I initially discovered this problem when I tried to iterate over the resulting array in my training
loop; the code above is a simplified version of that -- a minimal repro of the issue.
And it's a serious one! If each iteration has an overhead of 1.2s just to get 6,144 tokens
ready for the model, JAX will max out at about 5,000 tokens per second
of training speed *just due to that overhead* -- a real forward and backward pass plus
an optimiser step will obviously make things even slower. For comparison, my PyTorch training loop managed almost 20,000 tokens/second
on the same hardware: all steps from getting the training data, putting it on the GPU,
and doing the actual training.

### Debugging

So, let's look at that code again. We've created
our variable `array`

on the CPU explicitly, and indeed if you print `array.device`

,
it says `CpuDevice(id=0)`

. But if you print the device of the `item`

, you get
`CudaDevice(id=0)`

. What's worse, if you watch `nvtop`

while the code is running,
as soon as it hits the lookup into the array, it starts using the GPU -- for each one,
there's a spike in GPU usage.

So, what gives? We asked JAX to put the array on the CPU, but now it's doing GPU work, and putting the items there.

The problem is that when you create an array using the `default_device`

context manager,
it is placed on the specified device, but it's not [committed](https://docs.jax.dev/en/latest/_autosummary/jax.Array.committed.html) to it.
If an array is not committed to its device, then JAX will feel free to move it
around to others.

In order to commit an array to a device, you need to use `jax.device_put`

explicitly
stating which device you want it on. Running
the same code, but with this:

```
array = jax.device_put(array, cpu0)
```

...immediately before the lookup into the array changes the numbers drastically; the first lookup takes about 0.95s on my machine, the second 0.0002s, and then subsequent ones less than 0.0001s.

### Some more detailed tests

I decided to exercise this in depth, and wrote [this script](https://github.com/gpjt/jax-gpt2-from-scratch/blob/3d28bf64c87e92a62dceac26f32eaa2248ece12c/array_speed_test.py).
If you run it without the `--commit`

command line flag, it will create the array,
then iterate over the first ten items, measuring how long it takes to get each one.
Running it just now:

- Getting the zeroth item from the array took about 5.4s.
- Each subsequent one consistently took about 1.2s

With the `--commit`

flag, it uses `device_put`

to explicitly commit the array to the
CPU. Running that:

- Getting the zeroth item from the array took about 0.95s
- Each subsequent one took less than 0.0002s.

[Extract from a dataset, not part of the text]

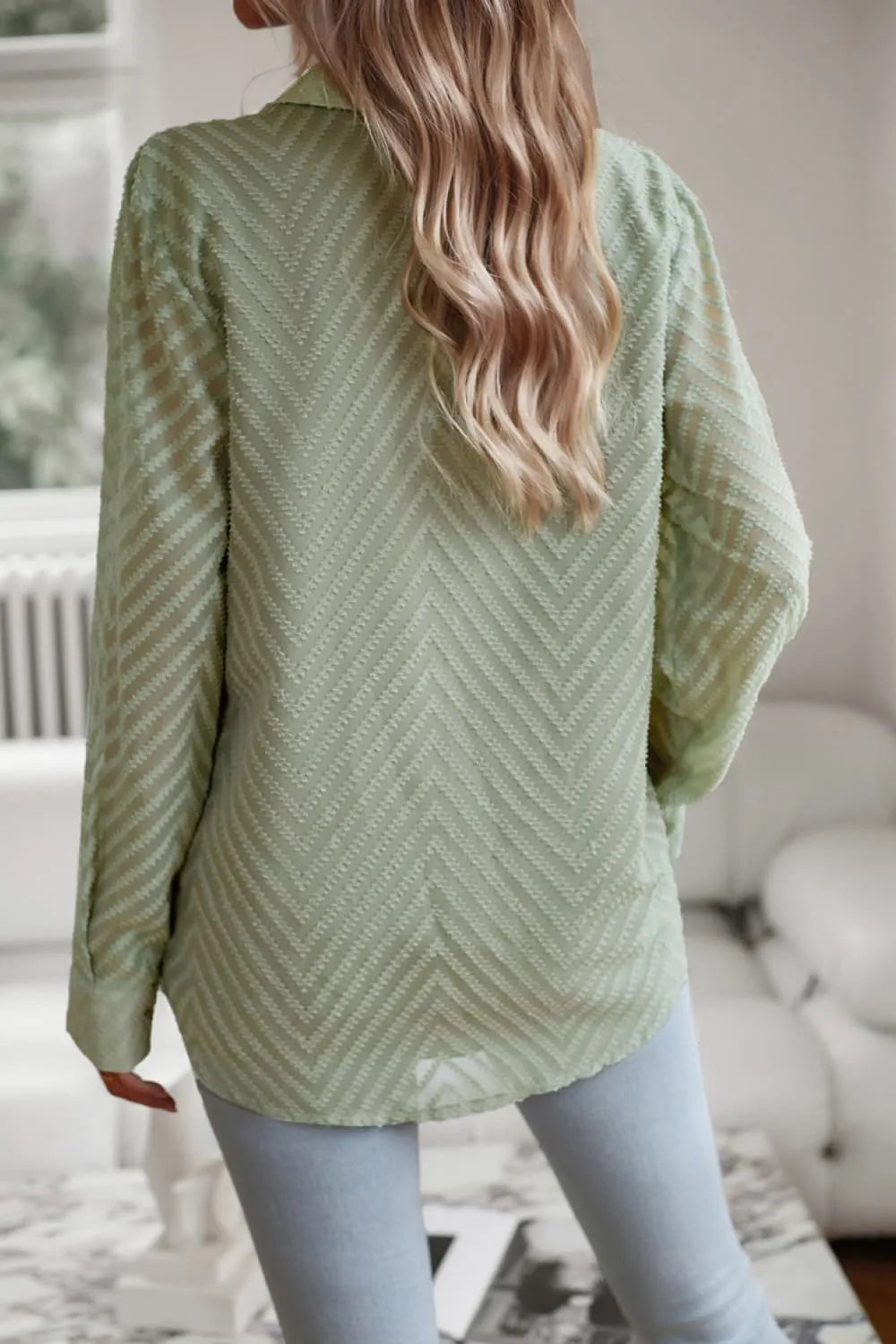 Collared Neck Long Sleeve Pocketed Shirt, image 9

Now, that didn't quite cover my use case -- what if, I wondered, the slow operation
was putting things onto the GPU? The script also has a `--put_items_to_gpu`

flag to
do that -- after getting each item, it uses `device_put`

. With that flag:

- Getting the zeroth item from the array took about 0.86s, and putting it on the GPU took 0.02s.
- Subsequent items had "get" times similar to the previous run, and "put" times of about 0.0006s.

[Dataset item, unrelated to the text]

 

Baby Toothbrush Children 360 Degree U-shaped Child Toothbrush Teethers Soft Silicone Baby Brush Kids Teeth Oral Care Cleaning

So, there's still a small startup penalty -- perhaps JAX is having to JIT some of its internal stuff -- but a perfectly decent speed after that. Commitment works!

### Wrapping up

I'm still building my mental model of how JAX works, and working out exactly what is going on here is proving a bit tricky. The split between a committed and an uncommitted array seems clear; the former is tied to a device, while JAX will move the latter around as needed.

It also makes a certain amount of sense that it would want to move the items to the GPU; it is, after all, the default device. But I'm less clear on why that was so slow, compared to the manual process of getting the item then putting it there.

Hypothesis: the array is on the CPU's RAM, but not committed there. We ask for an item from that array, and maybe JAX wants that to be on the default device, the GPU. So it moves the entire "parent" array there, extracts that item, and then returns that. Then next time around when we ask for the next item, it does the same thing again.

Plausible? Maybe, but it does sound a bit pathological!

Anyway, at the end of the day, I have a solid new heuristic of my own: if you want something
to definitely be on some specific device, make sure that you nail it down there with
`device_put`

. And then you won't have commitment issues like these.